For the case of supervised classifiers, loss functions are also called metrics and they origin from Type I & Type II errors common in statistics but have different meanings in this context. There are a number of different variations of metrics where different problem settings might require different more suitable metrics to be used. Here \(Y\) will be taking any of the values in the class set \({\mathcal{G}}\) and we will denote \(K = |{\mathcal{G}}|\) as the number of classes. Since we are trying to correctly label samples, the most common loss function used in this context is \(L(Y, \hat{f}(X)) = I(Y \neq \hat{f}(X))\). Here the systematic values are \(SY = \arg max_{1\leq i \leq K} P(Y=i)\) and \(S\hat{f}(X) = \arg max_{1\leq i \leq K} P(\hat{f}(X)=i)\). It is also straightforward to see that \(Var(Y) = 1 - P(Y=SY)\) and \(Var(\hat{f}(X)) = 1 - P(X = S\hat{f}(X)) \).

With the above we have that the decomposition of the prediction error among variance, systematic and variance effect becomes \[Var(Y) + P(Y=SY) - \sum_{i=1}^K P(\hat{f}(X) =i)P(Y=i)\] which again relies heavily on the variability of the target and on how well the classifier approximates the labels.

In this setting the classification prediction error will be as \[\label{classificationEPE} EPE = {{\mathbb{E}}}_X\left[ \sum_{k=1}^{K} L( Y_K , \hat{f}(X) ) P(Y_k|X) \right]\]

In practice we will rely heavily on the training error of the model. This will be our approximated prediction error through the

Training Error is the average loss over the training set \[\overline{err} = \frac{1}{N} \sum_{i=1}^N L(y_i, \hat{f}(x_i) )\]

Let x \(\in \mathbb{R}^{p}\) denote a random input variable and y \(\in \mathbb{R}\) denote a random output variable with joint distribution \(P\left(\textbf{x},\textbf{y}\right)\).

We will then look to evaluate models according to their performance in these two errors in training and testing datasets. Combinations of high or low values for these, across training and test data, are used as model evaluation and highlight aspects to be improved.

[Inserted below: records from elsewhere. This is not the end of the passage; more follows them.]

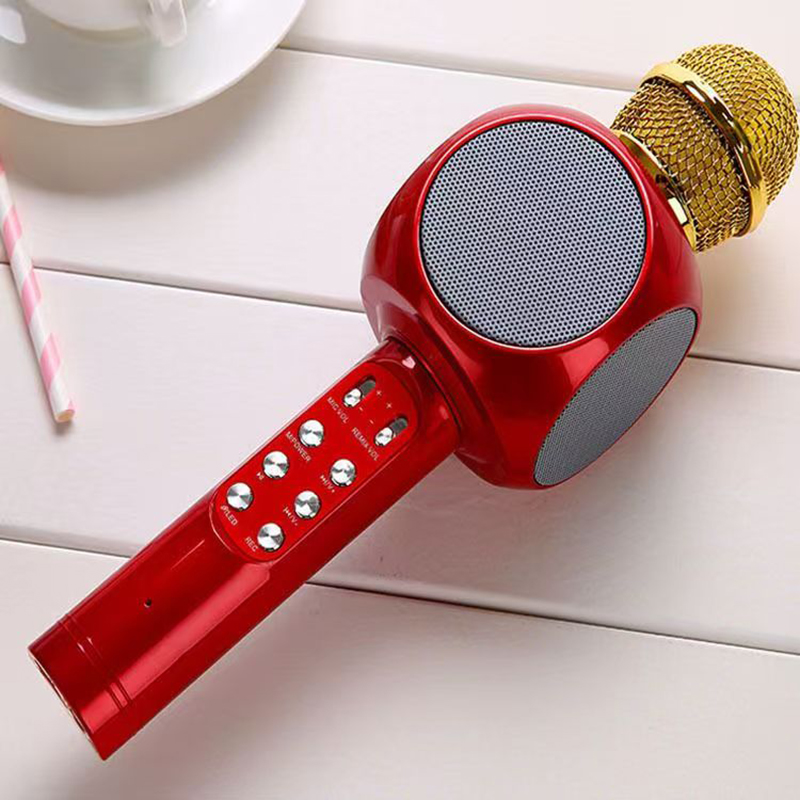 WS1816 Wireless Children Karao - Bluetooth Karaoke Microphone Handheld review and price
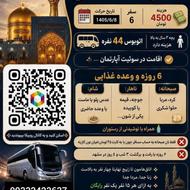 تورمسافرتی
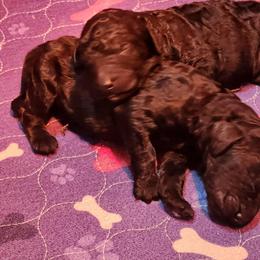 Boy 1 - Black male Poodle puppy in Stephentown, New York from Creme de la Poodle, standard poodles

For example, a very common scenario is having a model that has high overall variance and low bias. It is said that a learner overfits a training set \(\mathcal{T}\) if it fits parameter \(\hat{\theta}\) while there \(\exists \theta^*\) such that \[\label{eq:overfitting} Error_{train}(\hat{\theta}) < Error_{train}(\theta^*) \ and \ Error_{test}(\theta^*) < Error_{test}(\hat{\theta}) \]

Once the model was fit on the training set, it overfits when predictions on training samples are very accurate whilst predictions on new samples spread out and raise the value of the error. The model has learned very well from the training data but fails to be accurate on new samples.

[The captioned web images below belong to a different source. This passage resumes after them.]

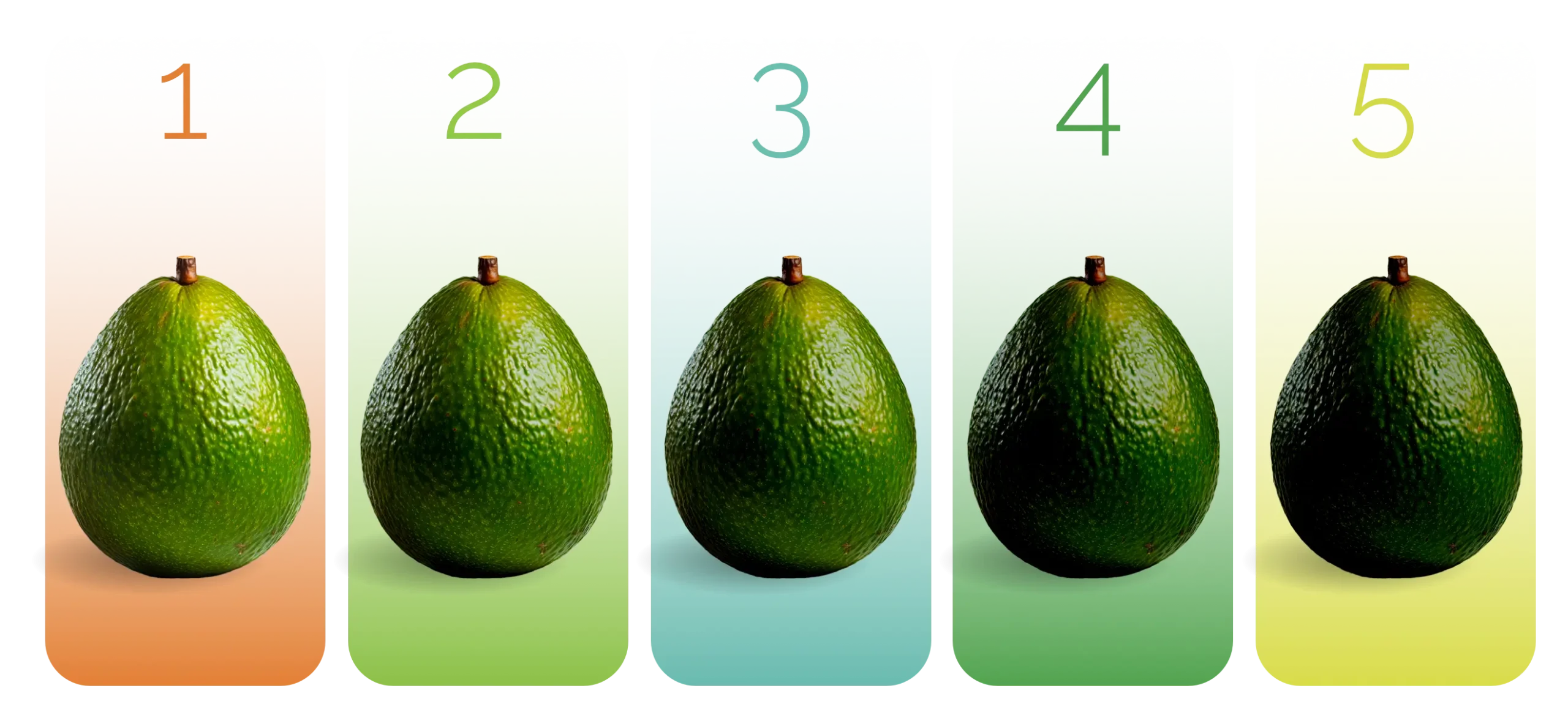 grafica2 avocado scaled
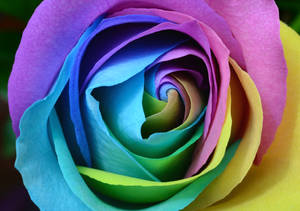 Pastel Rainbow Aesthetic Rose Wallpaper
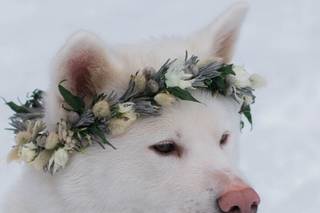 mariage avec chien, couronne de mariage fleurie pour chien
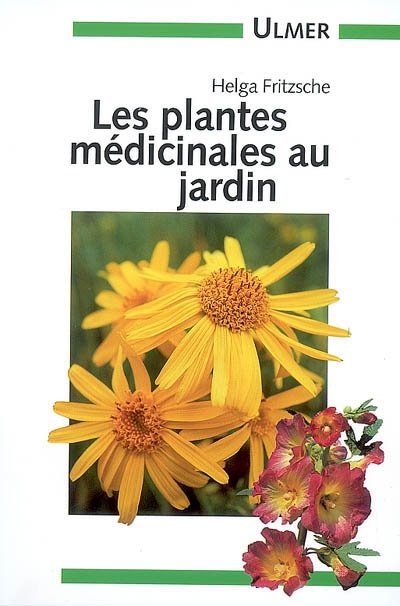 Les plantes médicinales au jardin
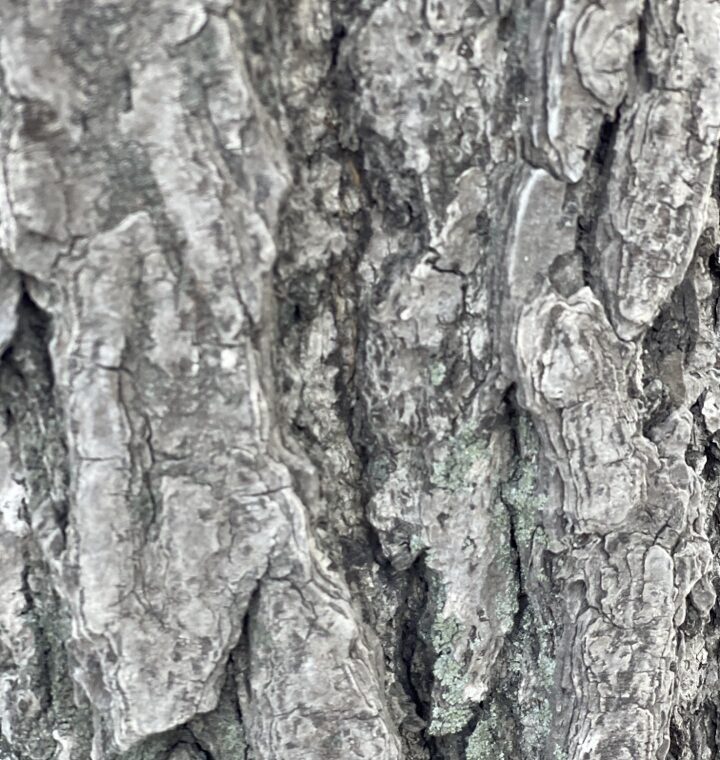 2023 04 08 zeperito wonderland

Given that we can have a high or low variance and bias, there are only four possible performance for any model. Our objective will then be to work out the data and the model to reach a state of low bias and variance. Different states of bias and variance require strategies to make a model better.


  1. Note that in this definition the expectation is taken conditional on the training set and also from which the model is fit.